Irascible, et surtout susceptible. Plusieurs clients qui avaient commandé des voitures Tesla ont ainsi vu leur commande annulée... par le PDG en personne. C'est ce qui est arrivé, en 2016, au blogueur Stewart Alsop, après sa critique d'un événement organisé en l'honneur de la Tesla Model X, raconte le site Mashable (en anglais).

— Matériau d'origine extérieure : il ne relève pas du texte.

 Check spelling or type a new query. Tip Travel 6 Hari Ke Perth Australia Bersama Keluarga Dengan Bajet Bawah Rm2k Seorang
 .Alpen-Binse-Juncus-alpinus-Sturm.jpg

La comparaison avec Donald Trump

Outre les clients ou les investisseurs, les journalistes pâtissent aussi des caprices du milliardaire. Récemment, la médiatisation de plusieurs accidents provoqués par des voitures Tesla, a ainsi provoqué la colère du patron qui a annoncé, le 23 mai, sa volonté de créer un "site où le public pourra évaluer la vérité de n'importe quel article et établir un score de crédibilité pour chaque journaliste, éditeur ou publication". Site qu'il souhaiterait appeler "Pravda"("vérité" ou "justice" en russe)... soit le nom d'un journal bien connu de la propagande du Parti communiste sous l'URSS. 

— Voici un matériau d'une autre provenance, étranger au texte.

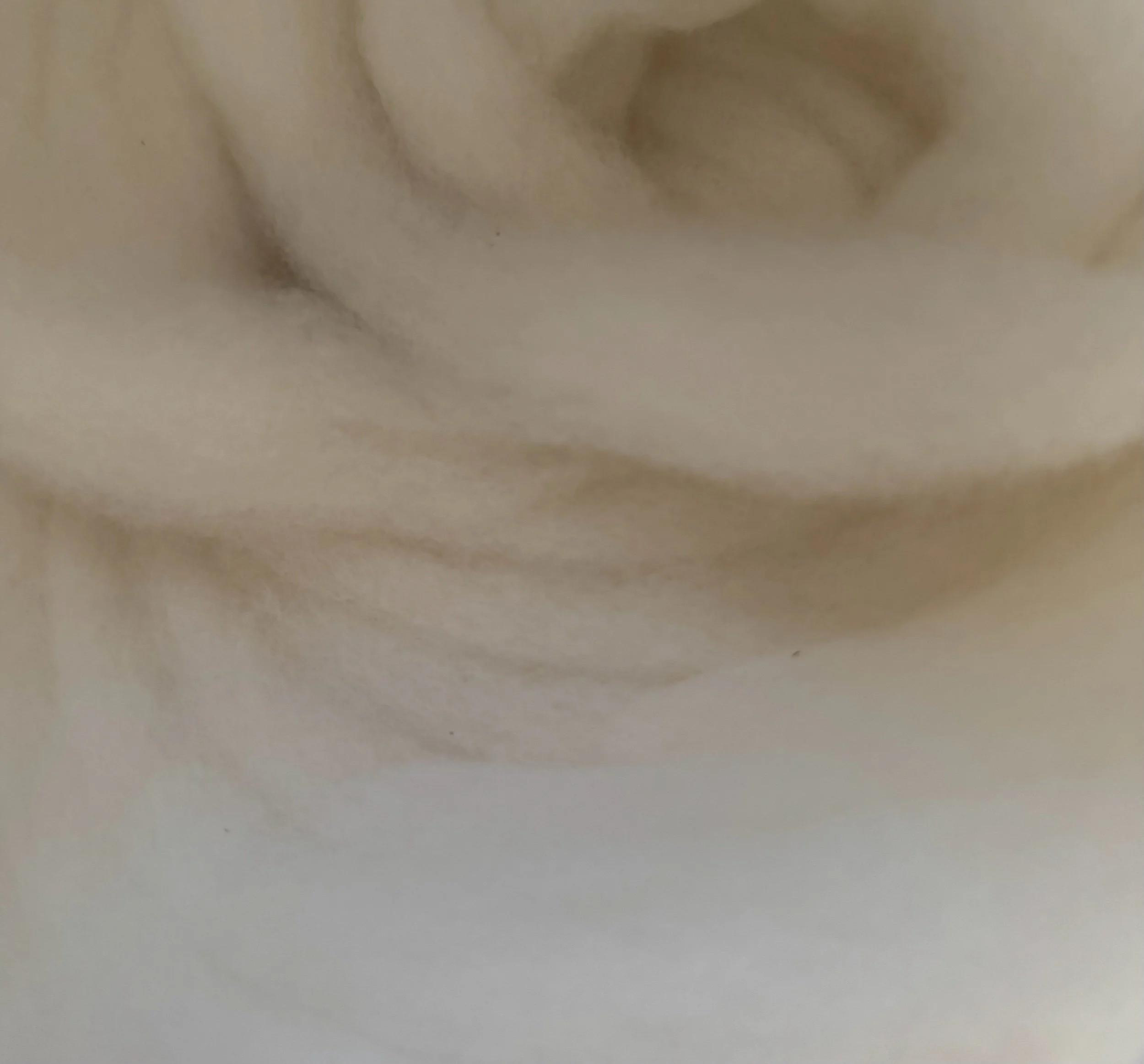 Devon Merino x Exmoor Sliver - 100g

"Musk continue sa lente transformation en figure d'appât à médias comme Trump, hurlant irrationnellement à propos des fake news", s'exaspère sur Twitter Andrew Hawkins, journaliste pour The Verge. Il n'est pas le seul à tenir la comparaison. La communication d'Elon Musk, qui se joue beaucoup auprès de ses 22 millions d'abonnés sur Twitter, et ses extravagances sont souvent comparées à celle du président des Etats-Unis. Elon Musk a d'ailleurs été conseiller éclair du président, avant de prendre ses distances lorsque Donald Trump a retiré les Etats-Unis de l'accord de Paris sur le climat. 

Pas de pause pipi pour les salariés

Les critiques viennent aussi de certains salariés. Car le milliardaire, ambitieux et exigeant, en demande beaucoup aux employés de Tesla ou SpaceX, leur imposant des cadences rudes. 

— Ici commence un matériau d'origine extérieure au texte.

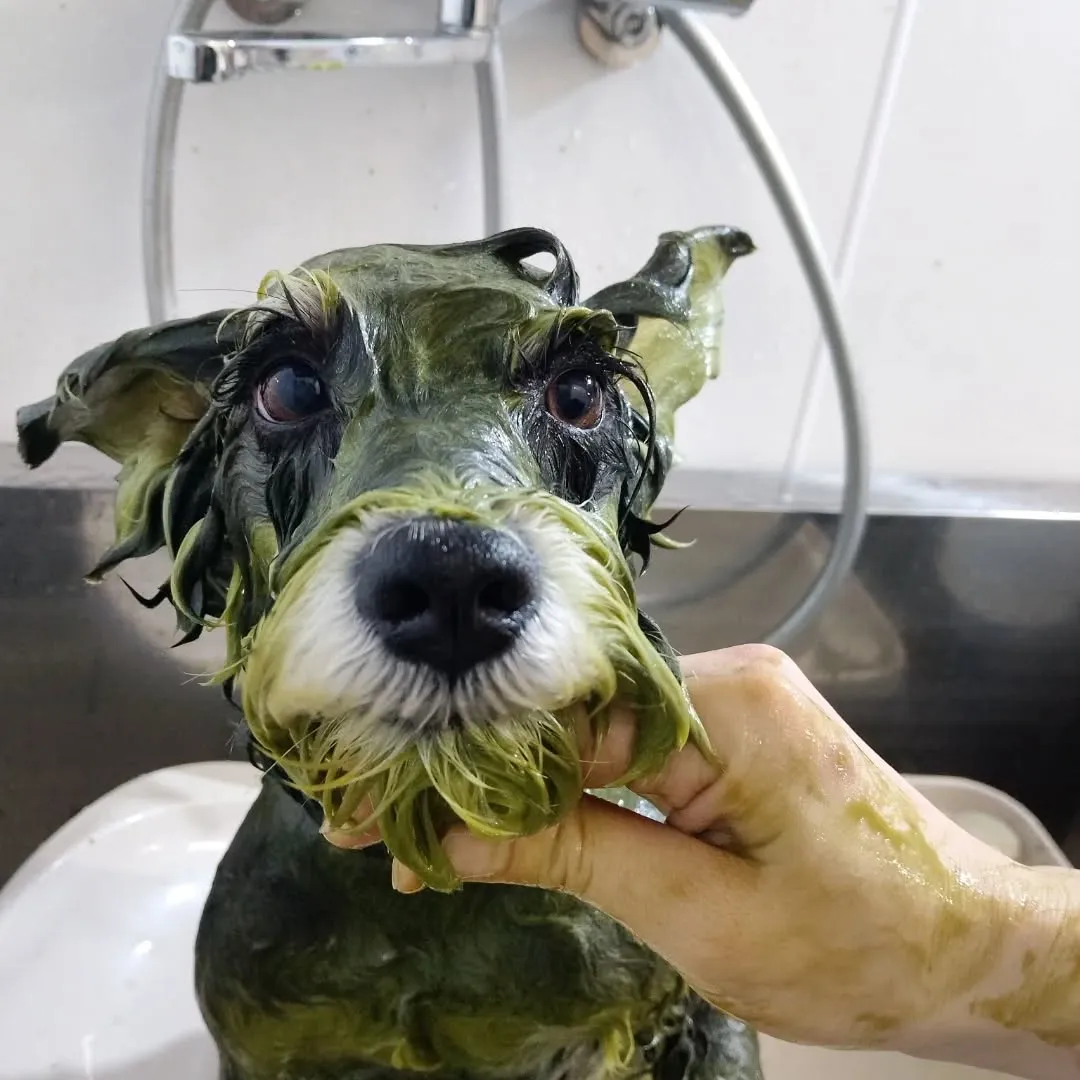 ハーブパック🌿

Il se fixe des objectifs fous, je serais son n-1, je serais stressé. Il annonce, demande aux gens de SpaceX de le faire et derrière, la réalité technique pousse à dire que tout n'est pas possible.

Francis Rocard, astrophysicien

à franceinfo

Dans la biographie parue sur le milliardaire, Kevin Brogan, ancien de la maison, raconte qu'Elon Musk "est capable de mentir effrontément à propos des délais. Il indique la chronologie la plus ambitieuse qu'on puisse imaginer en présumant  que tout ira bien, puis il la raccourcit encore en considérant que tout le monde peut travailler plus dur". Les salariés peuvent travailler jusqu'à 90 heures par semaine pour les besoins d'un projet ou quand le calendrier est serré. 

Musk réclame souvent des propositions très détaillées sur la réalisation des projets, des prévisions jour par jour, heure par heure et même des comptes à rebours minute par minute. Il fallait même demander la permission pour aller aux toilettes.

Kevin Brogan, ancien de SpaceX

dans la biographie d'Elon Musk

Interrogé sur ses méthodes de travail, Elon Musk se défend de "fixer des buts impossibles" notamment parce qu'il les estime "démotivants". En revanche, il reconnaît, dans sa biographie, avoir "toujours été optimiste sur les délais. J'essaie de me recalibrer pour être un peu plus réaliste". 

"Un visionnaire investi" 

Mais cette exigence, décriée par certains, ne décourage pas tout le monde. Nombreux sont ceux qui acceptent de jouer le jeu des horaires lourds, des délais improbables et de la pression pour travailler aux côtés d'Elon Musk. La Française Sibylle Delaporte en fait partie. Pour cette ancienne de SpaceX, contactée par franceinfo, les conditions de travail ne dénotaient pas dans le milieu de l'astrophysique.

Il impose un rythme. Il y en a qui arrivent plus ou moins bien à le suivre. C'était difficile, mais je savais que le jour où ça ne me convenait plus, je pouvais rentrer en France.

Sibylle Delaporte, ancienne employée de SpaceX

à Franceinfo

Si c'était à refaire, Sibylle Delaporte foncerait sans aucune hésitation. Travailler pour Elon Musk, "c'est comme une aventure, et on a envie de la vivre à fond", assure-t-elle, dépeignant "un visionnaire, investi dans sa vision ambitieuse""A la fin, il arrive à faire des choses surprenantes", confirme l'astrophysicien Francis Rocard. Et "personne n'a envie d'être définitif" le concernant.